The Challenge: Should the company sell its new line of products in-house or in the retail market?
THE EXPERTS WEIGH IN
Nicholas Scott, president of Ottawa-based business consulting firm Profit Plus Canada Inc.
The products should be sold in-house until a formal business plan is developed. Lege Artis needs to determine the in-house and external resources needed for this new business. These resources include financial resources, access to capital, access to expertise and much more. One particularly important resource would be the services of a company or person with a proven track record of getting retailers to sell their clients' products.
It's very hard, if not impossible, to prevent copycats. My best advice to Ms. Revo: Obtain the best legal advice possible from a specialist with a proven track record. This may be a lawyer who specializes in intellectual property.
The ambitious plan to obtain premium shelf space in retail stores is very complex. Ms. Revo may want to take a very close look at the option of optimizing all the revenue streams of her current business – the sales of her skincare services and of her products – before considering the complex and very demanding quest to persuade retailers to sell her products. Ms.
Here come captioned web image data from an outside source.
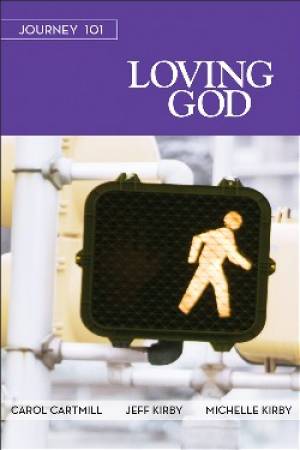 Journey 101 Loving God Participant Book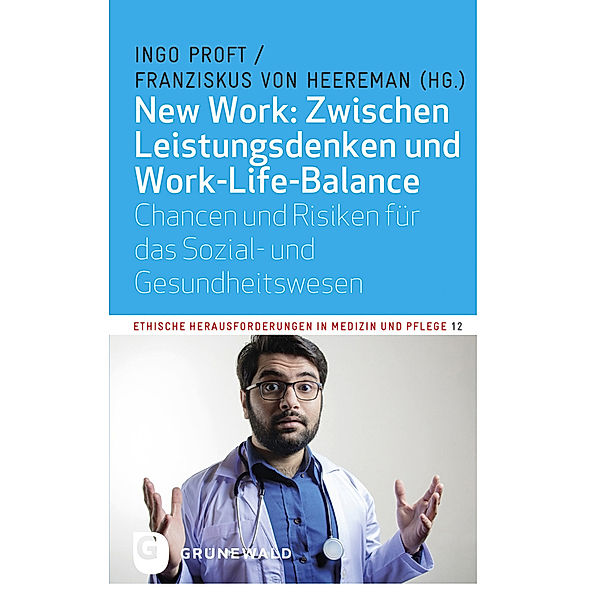 New Work: Zwischen Leistungsdenken und Work-Life-Balance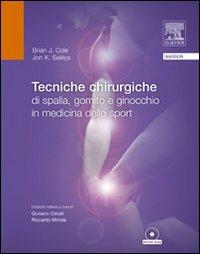 Tecniche chirurgiche di spalla, gomito e ginocchio in medicina dello sport - Brian Cole, Jon Sekiya - Libro Elsevier 2009 | Libraccio.it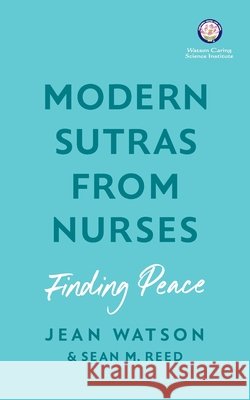 Modern Sutras From Nurses; finding peace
Revo would be competing with very large companies for precious and very limited shelf space.
Delia Fiorante, assistant manager, Humber Spa, Humber College in Toronto
Having only six products, it will be a challenge for her to get into big retailers who usually require so many more units within a product line before they'll even look at it.
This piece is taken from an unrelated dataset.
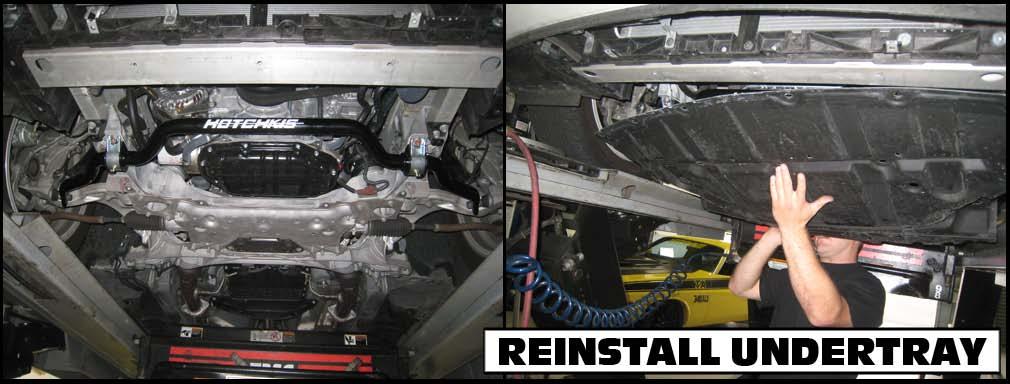 10) Reinstall the plastic undertray using the stock hardware. 11) Re-check all hardware for tightness.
I think what she needs to do first is create a buzz about her products. What's the story behind them? She needs to be able to tell that story in a way that will intrigue people and make them feel they're discovering something new and exciting.
Maybe she can start by focusing her sales and marketing efforts online and see if she can create a buzz that way. She can also try to generate awareness by getting her products into swag bags at events such as the Toronto International Film Festival. She should definitely approach beauty editors at magazines and invite them to try her products.
Ms. Revo should also consider putting her products in other skincare clinics. She may have a competitive advantage by selling them exclusively in her clinic, but she stands to gain more by selling them through other clinics as well.
Lee Graff, president and co-founder of Toronto-based cosmetic manufacturer Cover FX Skin Care Inc.
This made me think of the early days in my own business when I initially wanted my products only for my own patients. If she wants to take her products out of her clinic, then she needs to feel incredibly confident that there's nothing like it in the marketplace. She needs to look at what similar products she'll be competing against and what makes her products truly unique.
The other big question to ask is: can she afford to take her products into the retail market? I didn't draw a salary for two years. With suppliers, once you start ramping up, they'll want to get paid. And it's important that you're able to pay, because if you don't, they'll cut you off. The first question retailers ask you, especially the big ones, is: if we put you on our shelves, can you supply us? The kiss of death is not being able to supply.
Her products seem to be tied to her reputation; her clients buy them because they know and trust her. So perhaps the thing she needs to do first before expanding sales outside her clinic is to make her products hugely successful in her own business. To do this, she needs to become a brand herself and make her clinic the place to go to for skin care in Toronto. Let people clamour for her and her products, and when she's built that demand, that's the time to put them in retail.
Three things the company should do now
Create a business plan
Figure out what is needed to build the skincare products business and develop a business plan based on those needs and the company's goals.
Build up the brand
Raise the clinic's and Ms. Revo's profile to make Lege Artis the go-to place for skin care in Toronto.
Create a buzz online
Market and sell the products through the Internet.